Busy times for Carter-Ruck of late. While the thoughts of the nation turn wearily to the general election campaign, the UK’s two top political magazines have been crossing swords with the UK’s top libel lawyers.
In today’s Spectator, editor Fraser Nelson reveals his ongoing battles with Charlie Whelan, former spin doctor for Gordon Brown and current political director of the powerful Unite union. Whelan, through Carter-Ruck, threatened legal action against the right-leaning magazine after it, er, claimed he had acted like a bully.

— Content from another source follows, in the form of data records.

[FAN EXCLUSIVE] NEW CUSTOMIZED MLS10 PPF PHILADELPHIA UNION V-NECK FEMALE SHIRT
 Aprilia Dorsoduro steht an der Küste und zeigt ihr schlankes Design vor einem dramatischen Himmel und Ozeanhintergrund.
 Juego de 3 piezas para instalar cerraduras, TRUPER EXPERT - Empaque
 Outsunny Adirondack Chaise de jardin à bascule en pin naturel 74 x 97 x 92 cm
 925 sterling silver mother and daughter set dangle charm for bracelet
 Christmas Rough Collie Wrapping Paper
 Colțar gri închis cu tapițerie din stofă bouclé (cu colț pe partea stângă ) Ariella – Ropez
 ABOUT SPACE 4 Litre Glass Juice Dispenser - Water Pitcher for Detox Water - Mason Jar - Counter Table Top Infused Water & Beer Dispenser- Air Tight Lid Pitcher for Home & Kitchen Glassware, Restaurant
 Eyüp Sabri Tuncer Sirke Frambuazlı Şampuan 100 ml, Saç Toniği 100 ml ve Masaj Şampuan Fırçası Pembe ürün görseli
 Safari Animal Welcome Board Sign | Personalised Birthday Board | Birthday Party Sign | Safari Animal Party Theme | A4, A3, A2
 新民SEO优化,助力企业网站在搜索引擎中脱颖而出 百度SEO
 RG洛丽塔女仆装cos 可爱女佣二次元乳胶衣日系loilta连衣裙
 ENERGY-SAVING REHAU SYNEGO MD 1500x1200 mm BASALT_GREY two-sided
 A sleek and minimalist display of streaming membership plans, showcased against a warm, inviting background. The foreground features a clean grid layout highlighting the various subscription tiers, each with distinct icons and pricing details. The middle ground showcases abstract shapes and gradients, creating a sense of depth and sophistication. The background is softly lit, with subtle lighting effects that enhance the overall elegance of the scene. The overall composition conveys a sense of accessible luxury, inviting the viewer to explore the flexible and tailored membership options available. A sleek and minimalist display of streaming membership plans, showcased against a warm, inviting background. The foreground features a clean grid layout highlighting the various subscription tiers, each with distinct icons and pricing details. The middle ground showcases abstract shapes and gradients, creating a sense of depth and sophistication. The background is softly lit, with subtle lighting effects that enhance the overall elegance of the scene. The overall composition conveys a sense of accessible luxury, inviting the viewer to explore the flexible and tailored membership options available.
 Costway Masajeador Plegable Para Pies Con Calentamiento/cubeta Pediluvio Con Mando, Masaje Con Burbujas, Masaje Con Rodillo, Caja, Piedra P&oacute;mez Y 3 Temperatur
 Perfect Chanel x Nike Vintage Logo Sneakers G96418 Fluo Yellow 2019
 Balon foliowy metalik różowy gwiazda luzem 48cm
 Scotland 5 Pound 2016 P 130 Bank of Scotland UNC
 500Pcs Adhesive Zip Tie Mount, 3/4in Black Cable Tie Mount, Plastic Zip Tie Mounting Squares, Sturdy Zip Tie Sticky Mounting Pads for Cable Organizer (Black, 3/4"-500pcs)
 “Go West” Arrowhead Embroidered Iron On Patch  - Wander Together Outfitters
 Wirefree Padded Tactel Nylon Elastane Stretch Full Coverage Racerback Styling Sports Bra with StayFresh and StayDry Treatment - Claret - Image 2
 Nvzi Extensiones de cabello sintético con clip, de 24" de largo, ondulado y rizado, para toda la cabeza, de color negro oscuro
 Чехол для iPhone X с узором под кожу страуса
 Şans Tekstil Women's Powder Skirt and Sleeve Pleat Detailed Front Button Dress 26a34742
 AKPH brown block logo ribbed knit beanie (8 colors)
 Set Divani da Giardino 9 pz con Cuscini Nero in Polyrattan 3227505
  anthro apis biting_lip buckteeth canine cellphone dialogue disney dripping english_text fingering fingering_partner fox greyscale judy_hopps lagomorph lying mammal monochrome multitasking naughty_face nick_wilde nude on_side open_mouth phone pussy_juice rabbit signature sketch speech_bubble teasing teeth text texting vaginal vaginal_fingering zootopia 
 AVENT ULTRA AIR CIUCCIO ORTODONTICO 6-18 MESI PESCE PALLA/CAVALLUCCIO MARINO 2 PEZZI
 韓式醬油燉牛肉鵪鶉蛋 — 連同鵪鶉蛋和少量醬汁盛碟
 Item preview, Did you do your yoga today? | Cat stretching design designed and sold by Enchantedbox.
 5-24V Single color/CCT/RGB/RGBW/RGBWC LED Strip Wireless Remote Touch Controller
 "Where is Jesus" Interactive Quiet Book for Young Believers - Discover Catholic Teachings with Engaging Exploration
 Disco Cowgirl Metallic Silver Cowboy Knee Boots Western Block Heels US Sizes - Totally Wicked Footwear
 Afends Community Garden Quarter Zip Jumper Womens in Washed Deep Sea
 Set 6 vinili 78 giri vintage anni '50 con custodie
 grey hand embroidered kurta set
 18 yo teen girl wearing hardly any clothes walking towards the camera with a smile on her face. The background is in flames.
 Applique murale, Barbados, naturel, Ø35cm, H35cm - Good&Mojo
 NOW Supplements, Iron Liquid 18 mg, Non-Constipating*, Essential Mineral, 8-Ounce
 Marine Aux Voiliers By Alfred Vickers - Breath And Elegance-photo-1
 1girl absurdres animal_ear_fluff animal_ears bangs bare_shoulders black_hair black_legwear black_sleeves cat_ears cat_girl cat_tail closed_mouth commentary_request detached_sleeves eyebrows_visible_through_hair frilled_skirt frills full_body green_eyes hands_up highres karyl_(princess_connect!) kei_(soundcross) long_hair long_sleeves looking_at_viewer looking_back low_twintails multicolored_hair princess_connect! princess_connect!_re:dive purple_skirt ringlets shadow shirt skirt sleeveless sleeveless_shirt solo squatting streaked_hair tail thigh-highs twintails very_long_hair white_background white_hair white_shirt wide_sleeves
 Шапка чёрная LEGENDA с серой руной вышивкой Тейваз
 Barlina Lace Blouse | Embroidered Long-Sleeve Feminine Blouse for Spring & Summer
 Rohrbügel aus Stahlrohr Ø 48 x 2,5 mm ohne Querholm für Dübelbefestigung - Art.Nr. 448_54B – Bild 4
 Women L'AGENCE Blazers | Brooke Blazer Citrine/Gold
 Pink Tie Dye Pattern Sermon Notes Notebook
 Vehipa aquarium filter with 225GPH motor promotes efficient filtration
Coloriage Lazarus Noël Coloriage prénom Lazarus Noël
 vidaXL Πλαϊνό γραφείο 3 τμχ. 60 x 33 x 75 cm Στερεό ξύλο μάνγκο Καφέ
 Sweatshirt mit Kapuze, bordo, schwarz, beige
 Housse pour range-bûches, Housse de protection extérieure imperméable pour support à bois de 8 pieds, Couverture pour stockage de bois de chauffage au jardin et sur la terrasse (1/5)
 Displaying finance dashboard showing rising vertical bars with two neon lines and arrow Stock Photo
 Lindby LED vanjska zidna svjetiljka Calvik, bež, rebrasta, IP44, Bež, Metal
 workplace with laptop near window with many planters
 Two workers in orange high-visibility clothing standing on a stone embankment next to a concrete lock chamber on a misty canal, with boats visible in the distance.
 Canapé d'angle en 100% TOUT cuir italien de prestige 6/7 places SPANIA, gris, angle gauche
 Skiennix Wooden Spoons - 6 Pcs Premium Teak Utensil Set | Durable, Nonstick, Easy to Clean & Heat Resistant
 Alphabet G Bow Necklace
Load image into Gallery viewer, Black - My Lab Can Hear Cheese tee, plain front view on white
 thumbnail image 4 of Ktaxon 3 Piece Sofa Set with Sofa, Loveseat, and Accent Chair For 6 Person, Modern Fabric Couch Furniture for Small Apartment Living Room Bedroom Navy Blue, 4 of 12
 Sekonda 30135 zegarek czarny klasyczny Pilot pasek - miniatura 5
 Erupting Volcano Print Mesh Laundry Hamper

Nelson writes on the Spectator’s Coffee House blog

Last summer, The Spectator received a letter from Charlie Whelan’s solicitors complaining about this post – where we mention their client’s spot of bother with his colleagues at Unite. Carter-Ruck were instructed on one of the no-win-no-fee deals: it cost Whelan nothing to sue, but could cost us thousands to defend. So the lawyer’s letter is, by itself, an effective form of intimidation.

Meanwhile, over at Carter-Ruck’s own website, we have this little snippet about the Spectator’s left-wing rival, the New Statesman:

Daniel Hannan MEP – An Apology
The New Statesman has apologised to Daniel Hannan, the Conservative MEP for Southeast England, in respect of defamatory allegations published on its website on 18 September 2009. The New Statesman has also paid Mr Hannan damages together with his legal costs.

The payout comes after a suggestion in a web article by James MacIntyre, suggesting the maverick Tory MEP may have made a racist comment about President Obama.

As mentioned yesterday, Traditional Ulster Voice’s Jim Allister, a QC, is threatening defamation action against North Antrim rival Ian Paisley Jr over information on an election leaflet.

Suggestion: shouldn’t our politicos stick to battling at the ballot box rather than the high court?